# Pier/Surf combo



## Charlessyverson (Jan 29, 2013)

Is a surf rod "usable" on a pier? I am considering getting one of the 4 piece 10' St Croix travel surf rods with a Shimano Baitrunner or Penn Live Liner. Is this going to be too heavy for pier use? If I were to get a separate pier rod (ugly stik), what size reel would you recommend that would cover both applications?

Thank you again for all of the advice!


----------



## Pier#r (Oct 2, 2007)

You'd have to define "usable" as in how do intend to use it?
It'd work OK for a 'set rod', but from your reel quest it's likely to be unwieldy for king mackerel fishing. 
Besides a 4 piece rod (3 ferrules) doesn't sound suitable for the rigors of king fishing. 
As far as an Ugly Stik, you might like the BWD 2200 80
That's an 8 foot 2 piece rod rated ML 12#-30# line.
You could always buy one when you get here and sell it when you leave.
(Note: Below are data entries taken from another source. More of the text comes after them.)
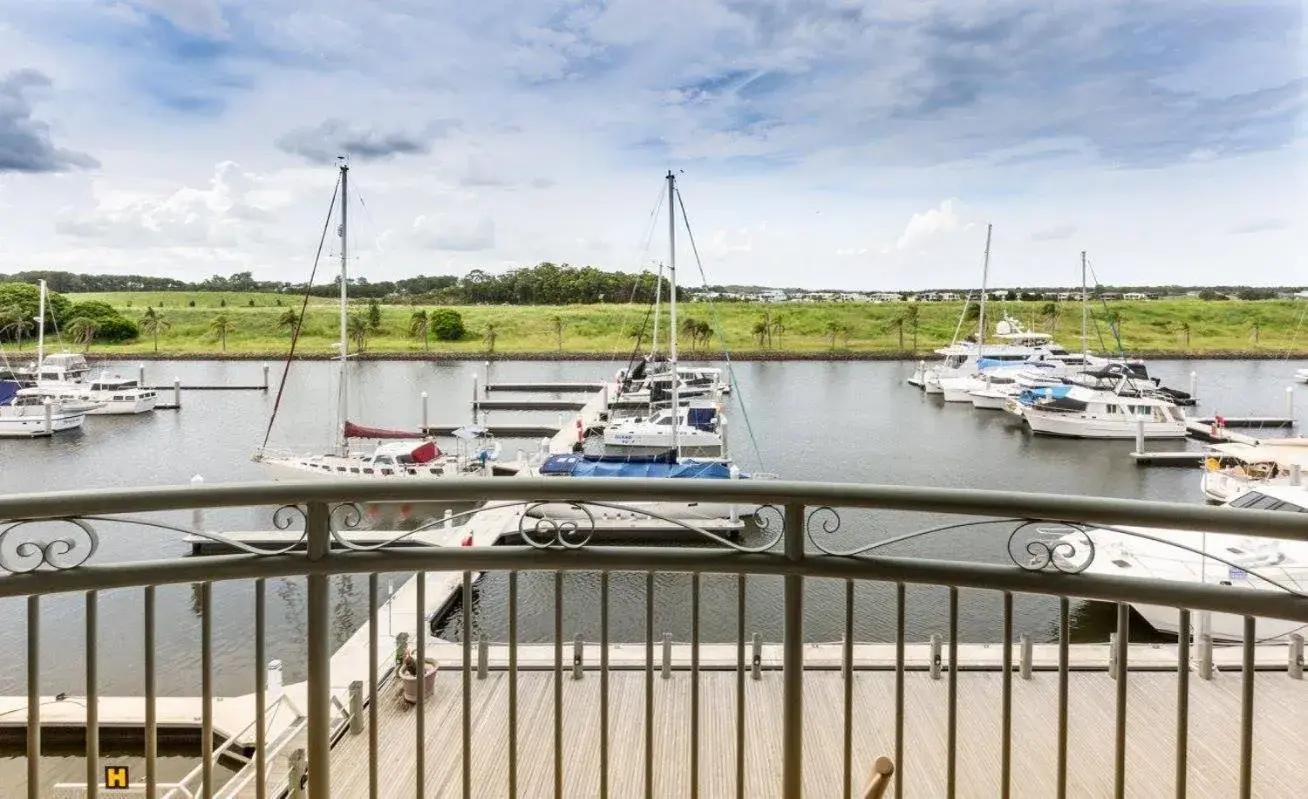 Sports in Hope Harbour Hotel Sports in Hope Harbour Hotel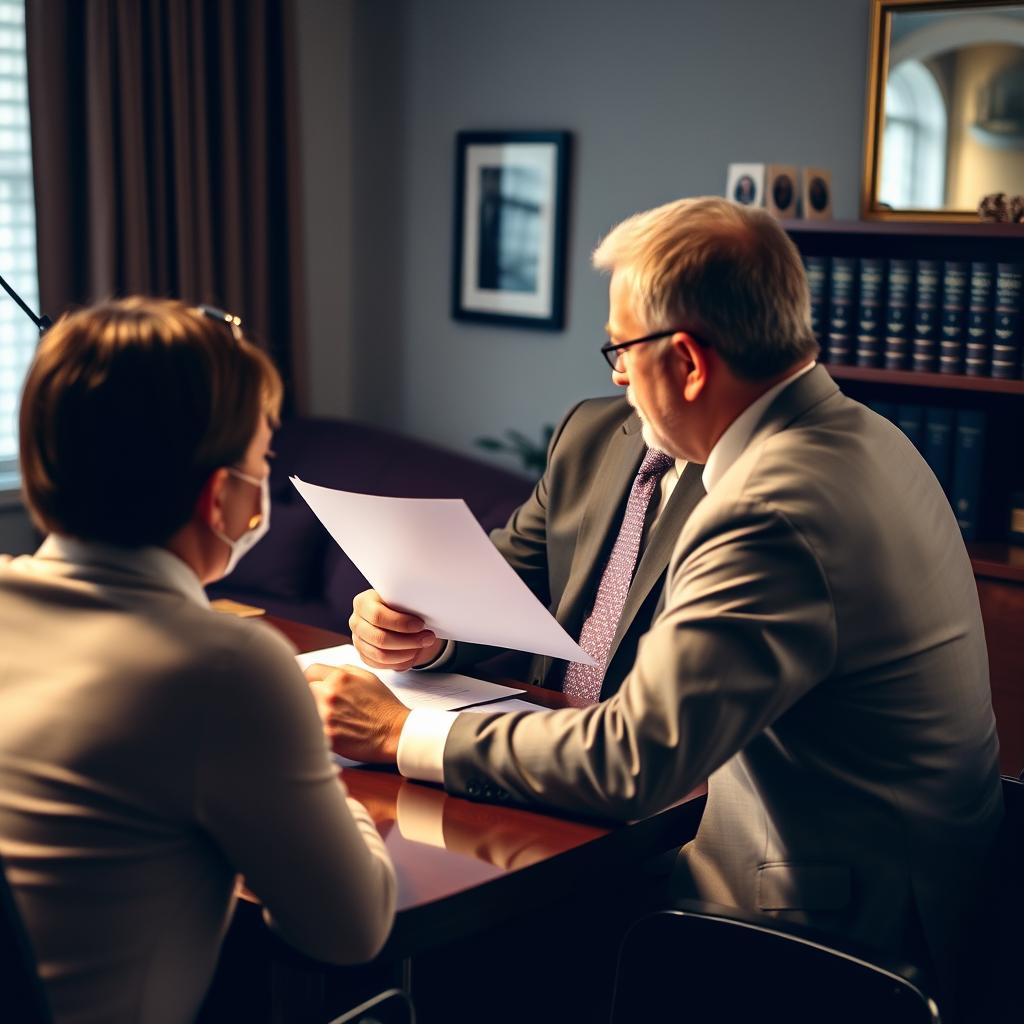 Underinsured Motorist Claim Lawyer Virginia Beach, VA
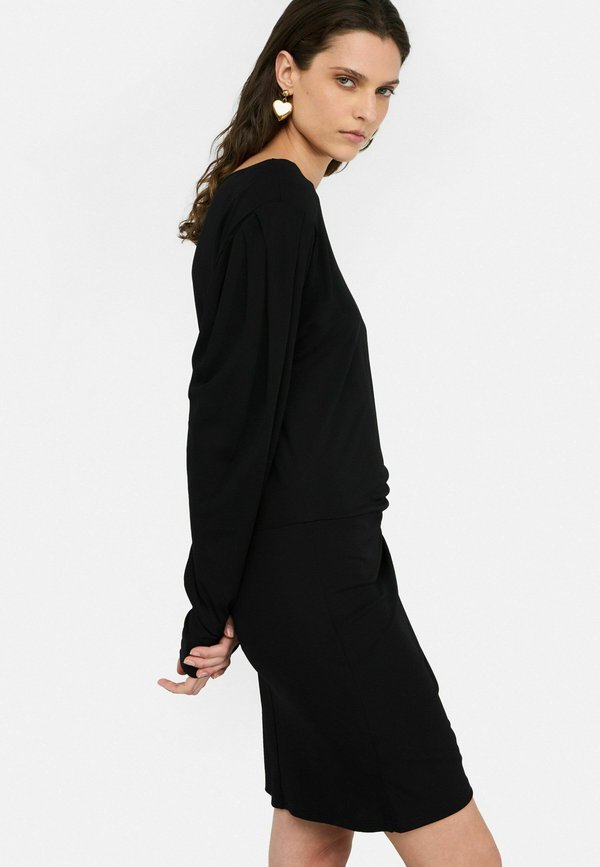 LIU JO DRAPED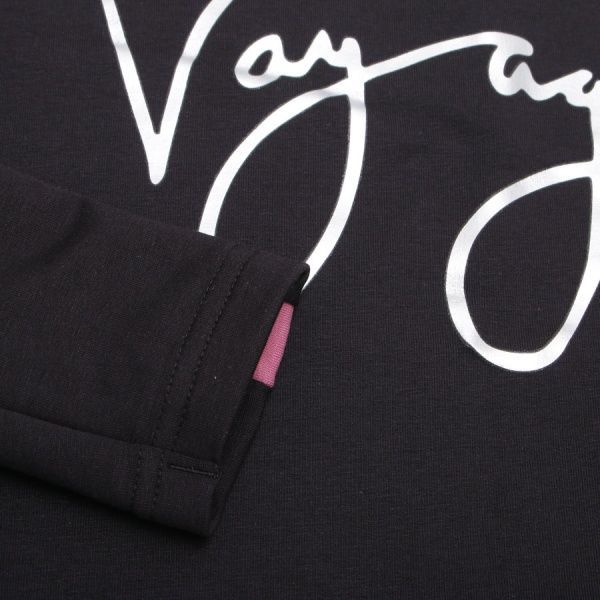 Комплект Luna Kids р.152 черный 103548 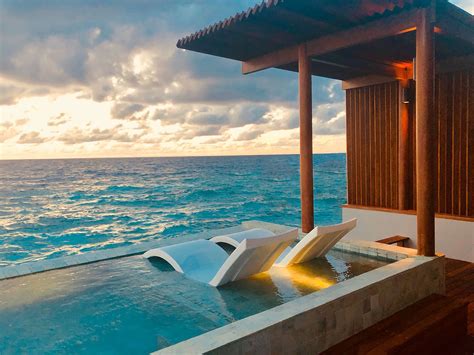 Best Luxury Water Villas In Maldives Most Fabulous Overwater Unique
For the reel I would recommend the 6000 Penn Battle unless you are set on getting one with a 'bait runner' feature. 
A Shimano Baitrunner 6000D MIGHT get the job done (line capacity wise),
but the Penn 560 Live Liner has a little more line capacity.

That's my 2 cents worth and it won't cost you a penny ;-)
Good luck to ya!


----------